Bridget Andrews
If it wasn't for Bridget, the Barnes One World Link, which has been going strong sine 1982, would never have been founded. But in her early life, Bridget, never saw any poverty, or at least did not take it in. Her father was the squire of a small, conventional village in Wiltshire, where "the whole village and farm had belonged to my family for generations". As she remembers it, "everyone had their place in the village, and I accepted unquestioningly my Conservative background".
After a stay in Canada during the war, Bridget went to boarding school, finishing school, and secretarial college. She also took a course in French Civilisation at the Sorbonne, and spent a year working in the U.S.A. and Mexico City. Her six month stay in Mexico "opened my eyes to another way of life. It made me want to help in some way, though I wasn't sure how." Nevertheless, it planted the first seed of her later interest in the people of the developing world.
Back in England, following her father's example (he had been a Conservative MP for a while), she worked for the Conservative minister Julian Amery for five years. In her spare time, she skied, climbed mountains, and had a busy social life. In 1961 she married a solicitor, and settled into a large house in Barnes.
After becoming a mother, Bridget began to change. "I started to think more about the bigger questions of life, and how the very poor of the world managed to feed their children and live with hunger and insecurity." While doing voluntary work for Oxfam, she was struck by the problems encountered by a group of students who had participated in an experiment living off the goodwill of others.
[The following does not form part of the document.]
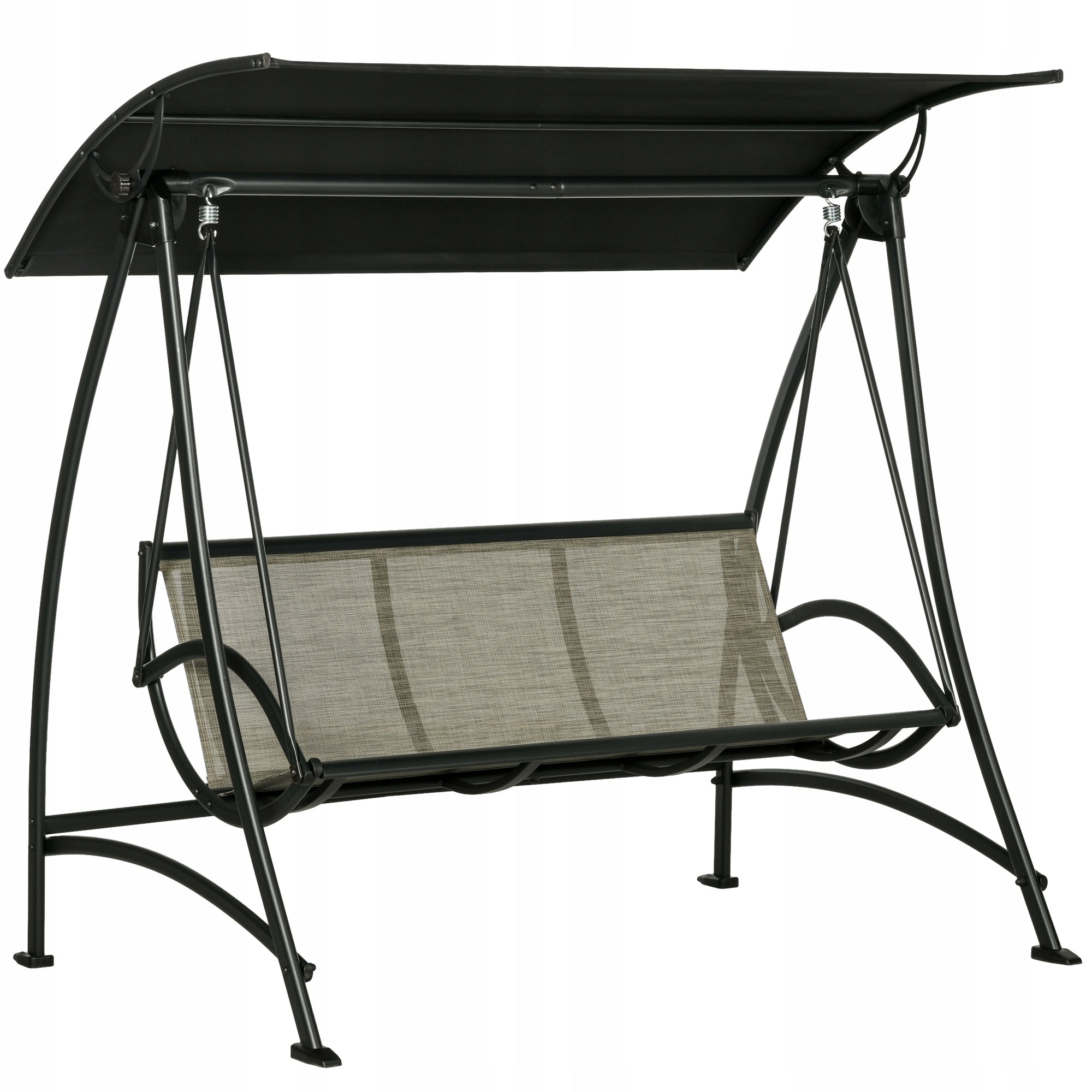 Freestanding Garden Swing Outsunny 150 x 45cm 84A-303V00BK EAN (GTIN) 4255633553430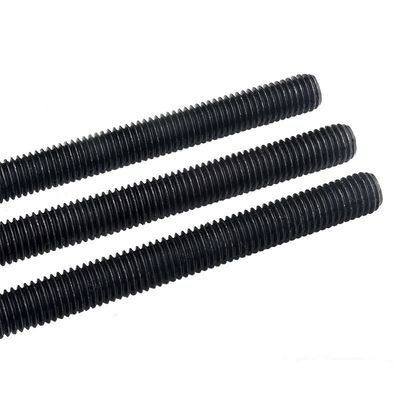 Apoyo personalizado OEM DIN975 Rodada con rosca Resistencia de la barra de rosca de acero inoxidable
Finally, a trip to India in 1981 brought home the reality of the poverty, together with the dignity and spirituality of the people, even more clearly.
On her return to Barnes, Bridget heard a talk on Woman's Hour about twinning with the developing world. Soon after that, she met someone who supported a village headman in Kerala, South India, "and I decided, with friends, to start a similar link with his village." The idea was to be in touch with people on a personal level, as well as supporting development projects. Over the years, the Link's projects have changed more than once, but the group has still not forgotten the original principles on which it was founded.